En el último año, sólo por citar algunos ejemplos, apareció en agosto de 2016, la invasión de algunos hinchas de Millonarios al gramado de El Campín. Después, hinchas de Nacional protagonizaron altercados en el Atanasio Girardot  en febrero de 2017. Seguidamente, en marzo, en un partido del Medellín también en el Atanasio, se presentaron disturbios en las gradas. También aparecieron las amenazas al presidente y jugadores del Real Cartagena por redes sociales. Después, los enfrentamientos entre hinchas del América y Cali, antes, durante y después de un partido de fútbol, incluso a bala y con invasión masiva de la cancha. Posteriormente, la muerte de un señor en la capital vallecaucana, por el solo hecho de llevar un maletín con el escudo del Cali. Y así, se pueden mencionar muchos incidentes y después, el mismo bla bla bla por parte de las autoridades. Que “vamos a carnetizar”, que “vamos a judicializar”, que “haremos identificación biométrica”, que “más cámaras de seguridad”, que “esto no vuelve a pasar” y… Vuelve y pasa!
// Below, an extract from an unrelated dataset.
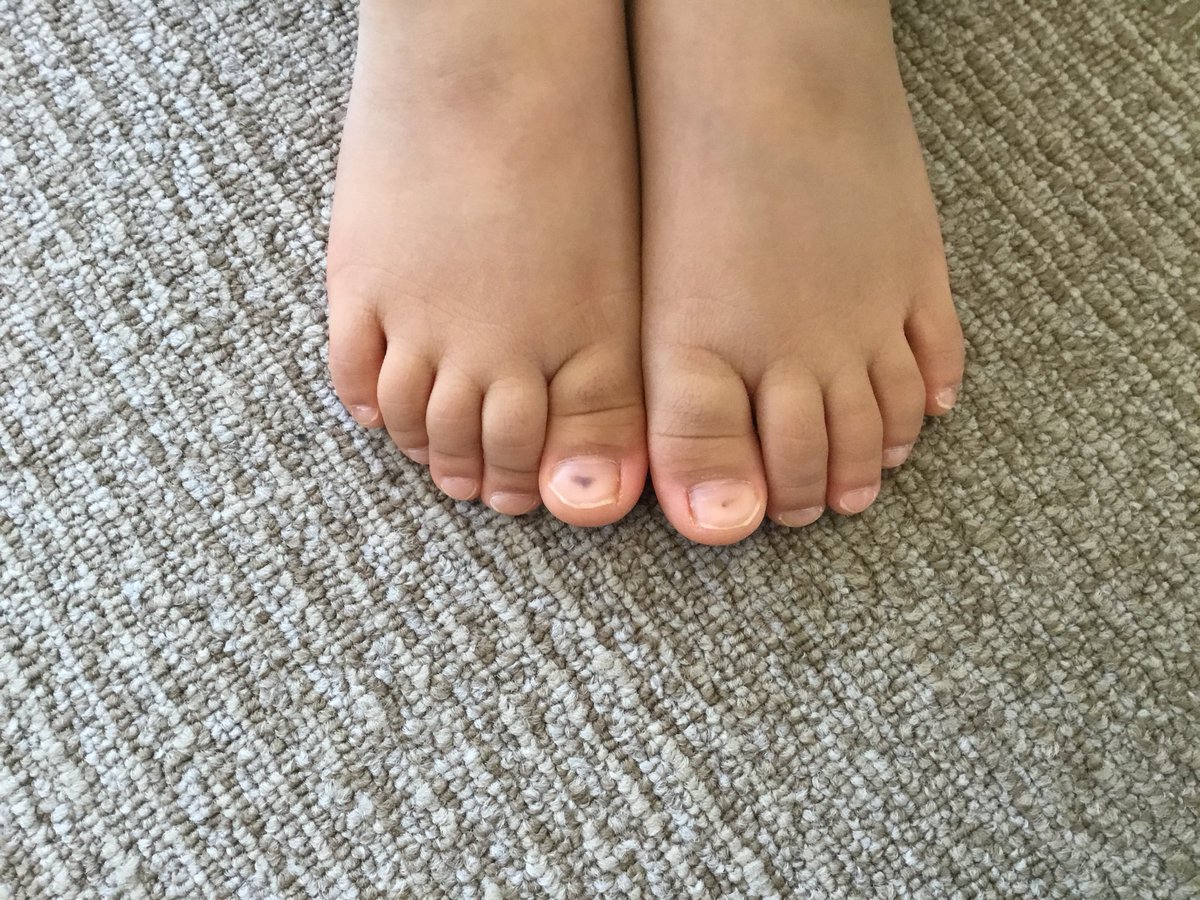 片野貴夫 En Twitter 3歳の女の子の親指の爪に黒い点が出ているのは 股関節の靭帯の片側の緩みが原因でした 片野貴夫 En Twitter 3歳の女の子の親指の爪に黒い点が出ているのは 股関節の靭帯の片側の緩みが原因でした
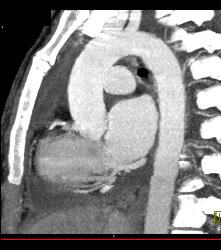 Pseudo Dissection of the Ascending Aorta. See the Full Sequence of Images Including the Normal Study When Gated - CTisus CT Scan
Lo único que se le ocurrió a la Dimayor, es que después de los enfrentamientos en el clásico caleño, la sanción fue no transmitir los partidos por televisión! (y el Ente dice que con esto hay “mano dura y medidas ejemplarizantes”… Por favor!). Además, llegar al punto de no dejar ingresar a los medios de comunicación a un partido (menos mal una acción de tutela, tumbó esto último).  Y hasta se ha pensado con el nuevo Código de Policía, retirar de los estadios a los uniformados para que cada Club, se siga encargando por medio de empresas privadas de la seguridad en el espectáculo (Por favor!). Incluso, se sanciona pero prontamente esos castigos se perdonan, con el agravante, que no se aplica el mismo rasero para todos los equipos (Por favor!).

Además, una de las cosas más tristes, es que por unos pocos desadaptados, pague la mayoría y se hagan generalizaciones de una hinchada en particular a partir de los desmanes de una minoría.  También es importante que algunos clubes, dejen de hacer “alianzas” con algunas hinchadas, sobre todo, con las barras bravas (algunos de sus integrantes, no todos, generan desordenes), situación que es de conocimiento público y que lleva en parte, a avalar la violencia.

Está demostrado que las campañas educativas, poco o nada, han servido en este tema. O que jugar un partido a puerta cerrada, tampoco cambia en nada el panorama. Ya es hora que las autoridades, dejen de lado el bla bla bla y empiecen a ser contundentes. No más palabras ni medidas frías, es el momento de actuar!